### Exercise brief
The output must be the line with "NWT❤️ONE PINK SHERPA" and every following line to the end of the material, exactly as they appear, and nothing else.

### Data records
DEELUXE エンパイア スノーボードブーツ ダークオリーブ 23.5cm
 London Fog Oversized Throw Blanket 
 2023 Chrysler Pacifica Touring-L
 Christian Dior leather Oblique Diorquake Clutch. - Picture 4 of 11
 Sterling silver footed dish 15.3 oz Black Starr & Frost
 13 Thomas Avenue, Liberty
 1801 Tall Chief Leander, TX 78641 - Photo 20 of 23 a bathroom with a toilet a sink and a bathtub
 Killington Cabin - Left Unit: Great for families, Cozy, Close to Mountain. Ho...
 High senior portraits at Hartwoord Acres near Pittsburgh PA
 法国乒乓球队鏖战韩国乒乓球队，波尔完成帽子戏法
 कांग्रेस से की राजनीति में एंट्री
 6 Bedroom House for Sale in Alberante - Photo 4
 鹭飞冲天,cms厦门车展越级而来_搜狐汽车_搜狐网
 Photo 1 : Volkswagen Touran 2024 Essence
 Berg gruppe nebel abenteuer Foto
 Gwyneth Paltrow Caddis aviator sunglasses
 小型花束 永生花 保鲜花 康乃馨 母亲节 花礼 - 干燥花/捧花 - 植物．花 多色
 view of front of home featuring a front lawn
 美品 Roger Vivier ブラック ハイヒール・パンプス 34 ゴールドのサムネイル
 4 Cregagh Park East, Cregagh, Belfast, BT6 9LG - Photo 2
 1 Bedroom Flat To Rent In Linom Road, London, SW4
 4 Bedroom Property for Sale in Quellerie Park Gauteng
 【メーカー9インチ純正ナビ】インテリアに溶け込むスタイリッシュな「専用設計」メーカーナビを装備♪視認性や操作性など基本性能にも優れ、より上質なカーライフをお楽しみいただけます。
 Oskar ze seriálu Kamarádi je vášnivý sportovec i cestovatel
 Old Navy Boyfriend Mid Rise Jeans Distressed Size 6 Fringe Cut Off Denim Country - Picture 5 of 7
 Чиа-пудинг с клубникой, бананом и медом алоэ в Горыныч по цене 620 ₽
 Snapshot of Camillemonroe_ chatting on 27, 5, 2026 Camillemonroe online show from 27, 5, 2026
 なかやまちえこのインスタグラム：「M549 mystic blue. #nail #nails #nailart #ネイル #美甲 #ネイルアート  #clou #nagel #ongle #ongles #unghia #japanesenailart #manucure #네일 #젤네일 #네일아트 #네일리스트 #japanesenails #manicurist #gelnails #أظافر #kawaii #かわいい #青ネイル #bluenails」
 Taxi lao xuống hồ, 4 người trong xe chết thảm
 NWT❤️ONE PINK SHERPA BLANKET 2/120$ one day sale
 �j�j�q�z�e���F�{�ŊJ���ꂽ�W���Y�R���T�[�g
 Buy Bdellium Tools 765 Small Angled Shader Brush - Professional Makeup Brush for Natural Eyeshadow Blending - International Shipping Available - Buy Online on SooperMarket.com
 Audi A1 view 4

### Worked solution
 NWT❤️ONE PINK SHERPA BLANKET 2/120$ one day sale
 �j�j�q�z�e���F�{�ŊJ���ꂽ�W���Y�R���T�[�g
 Buy Bdellium Tools 765 Small Angled Shader Brush - Professional Makeup Brush for Natural Eyeshadow Blending - International Shipping Available - Buy Online on SooperMarket.com
 Audi A1 view 4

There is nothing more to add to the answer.